In fairness, it wasn’t as if the actual winners of those categories carried the tang of the inexplicable necessary to constitute a blatant Beyoncé snub. Harry Styles’s Harry’s House beating Renaissance to album of the year doesn’t feel the same as Beck’s Morning Phase triumphing over Beyoncé in 2015, nor does it feel the same as if, say, Coldplay’s Music of the Spheres had won this year. Styles is currently a commercial juggernaut, who’s pulled off one of the trickiest tasks in music – shifting from member of a manufactured boyband to an artist people who don’t give much quarter to manufactured boybands take seriously. If you want to know how difficult that is, look at the current sales figures and profiles of his former One Direction bandmates.
If there’s something faintly puzzling about Lizzo’s About Damn Time winning record of the year, rather than Beyoncé’s Break My Soul, Styles’s As It Was or indeed Steve Lacy’s Bad Habit, it was still a hugely successful single, and moreover a spectacularly good disco pastiche in a world filled with limp examples of the same. The weirdest success was Bonnie Raitt’s Just Like That winning song of the year, at least from the perspective of the UK, where the album it’s from didn’t even make the charts. Then again, Raitt is an artist with what the US critic Ann Powers has called “Grammy immunity” – she won four of the things back in 1990 for her belated commercial breakthrough, Nick of Time; three more for its follow-up in 1992 and a lifetime achievement award last year.
If you’re going to throw a big Grammy a venerable artist’s way, you could find a worse song than Just Like That, which is a masterclass in mature songwriting. Its premise sounds appallingly mawkish – it’s about a parent who blames herself for the death of her son being approached by the man to whom her son’s heart was donated in a transplant – but Raitt handles the subject with a surprising subtlety. It’s an exercise in soft emotional power rather than blatant tearjerking. That’s possibly not enough to stop Beyoncé’s advocates spitting feathers in response to Raitt’s win, but it’s hardly an unfathomable winner on its own merits.

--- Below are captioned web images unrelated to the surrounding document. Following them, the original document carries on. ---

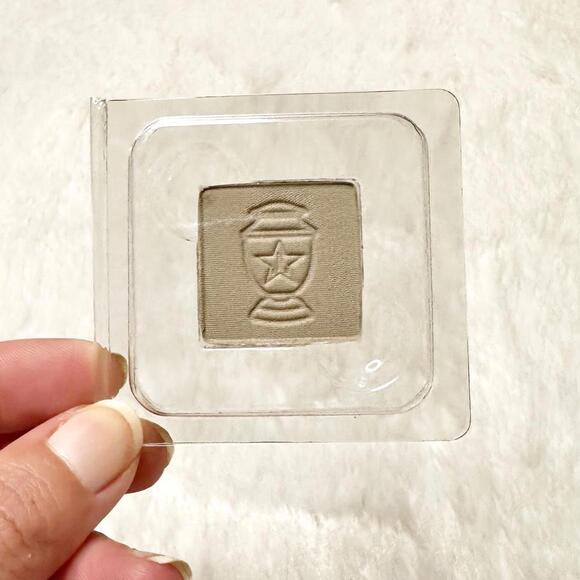 NIB Jeffree Star Eyeshadow Artistry Single in Obituary 1.5g - Picture 2 of 4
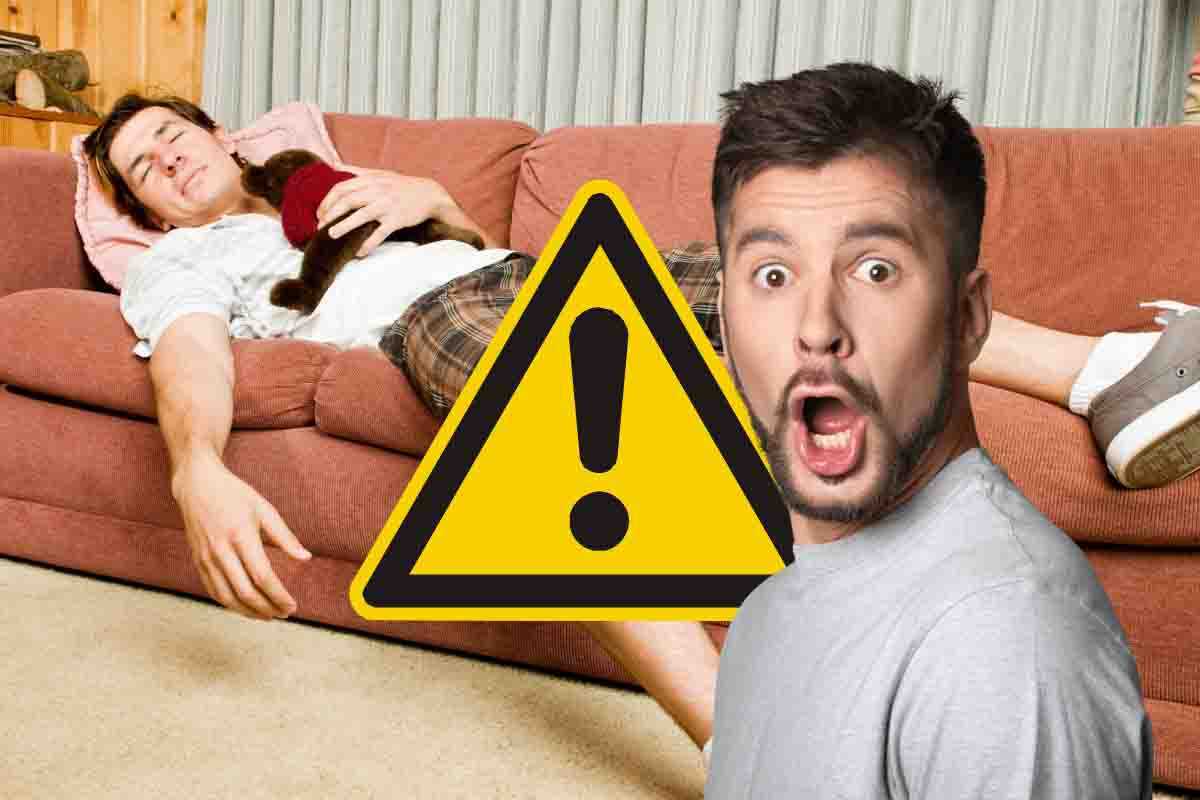 Dormire sul divano: i rischi che corri 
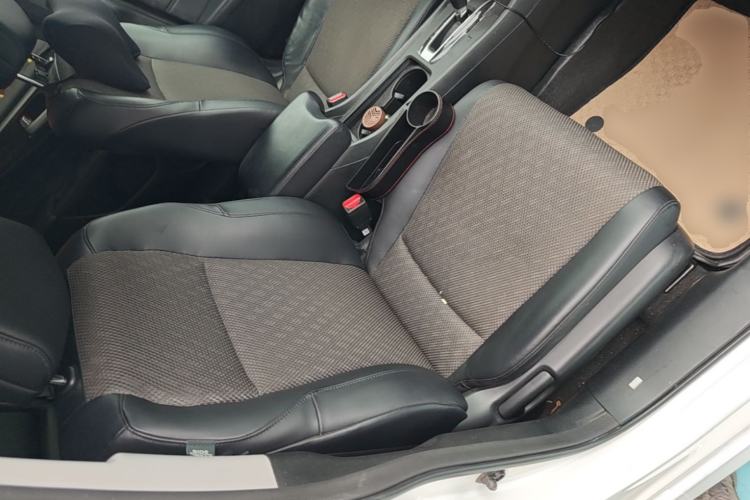 Used Honda Jade 2017 1.8L automatic Comfort version 5 seats Right Front Seat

As for the other big award, best new artist, there’s something curiously pleasing about Samara Joy’s win. In recent years, the Grammys has always opted to dole the award out to someone who’s already achieved vast commercial success: last year it was Olivia Rodrigo; before that Megan Thee Stallion; before her Billie Eilish and Dua Lipa. If they had continued in that direction, Måneskin would probably have triumphed, although the question of whether their success is predicated on novelty value or something more lasting still hangs over the former Eurovision winners. Certainly they’re one of the biggest-selling groups in a field where several of the nominees didn’t even seem particularly new: Molly Tuttle’s first album came out in 2006; Tobe Nwigwe’s first EP six years ago; Muni Long is 34 and released her debut album, albeit under her real name, Priscilla Renea, in 2009. Under the circumstances, Samara Joy – a hugely gifted jazz vocalist, gradually emerging as a significant songwriter as well as an adept interpreter of standards – feels like a worthwhile choice: rooted in tradition, but too soulful to qualify as easy listening.